Kids walk home from park, parents probed for ‘neglect’

If you had any kind of childhood at all , and you’re over the age of 50, you will — within the next three paragraphs — be thinking about the time your parents left you to your own devices to find your way back home.

You just didn’t know at the time that you were a “free range kid.”

Rafi and Dvora Meitiv, ages 10 and 6, are free-range kids and because of that, their parents were on the receiving end of a lecture from police on the dangers that are out there in the world.

The Washington Post reports today that Danielle and Alexander Meitiv allowed their kids to walk one mile home from a park in Silver Spring, Md., last month. They never made it. On the way, a police officer scooped them up and took them home, according to the newspaper.

Alexander said he had a tense time with police on Dec. 20 when officers returned his children, asked for his identification and told him about the dangers of the world.

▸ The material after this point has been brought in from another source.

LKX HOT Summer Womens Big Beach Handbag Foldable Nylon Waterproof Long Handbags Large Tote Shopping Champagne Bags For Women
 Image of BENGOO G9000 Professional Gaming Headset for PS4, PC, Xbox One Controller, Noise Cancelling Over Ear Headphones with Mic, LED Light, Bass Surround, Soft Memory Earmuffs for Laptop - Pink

The more lasting issue has been with Montgomery County Child Protective Services, he said, which showed up a couple of hours after the police left.

Mary Anderson, a spokeswoman for CPS, said she could not comment on cases but that neglect investigations typically focus on questions of whether there has been a failure to provide proper care and supervision.

In such investigations, she said, CPS may look for guidance to a state law about leaving children unattended, which says children younger than 8 must be left with a reliable person who is at least 13 years old. The law covers dwellings, enclosures and vehicles.

The Meitivs say that on Dec. 20, a CPS worker required Alexander to sign a safety plan pledging he would not leave his children unsupervised until the following Monday, when CPS would follow up. At first he refused, saying he needed to talk to a lawyer, his wife said, but changed his mind when he was told his children would be removed if he did not comply.

Following the holidays, the family said, CPS called again, saying the agency needed to inquire further and visit the family’s home. Danielle said she resisted.

“It seemed such a huge violation of privacy to examine my house because my kids were walking home,” she said.

This week, a CPS social worker showed up at her door, she said. She did not let him in. She said she was stunned to later learn from the principal that her children were interviewed at school

The parents say was child services views as “neglect” they view as an essential part of growing up.

“The world is actually even safer than when I was a child, and I just want to give them the same freedom and independence that I had — basically an old-fashioned childhood,” Mrs. Alexander told the Post. “I think it’s absolutely critical for their development — to learn responsibility, to experience the world, to gain confidence and competency.”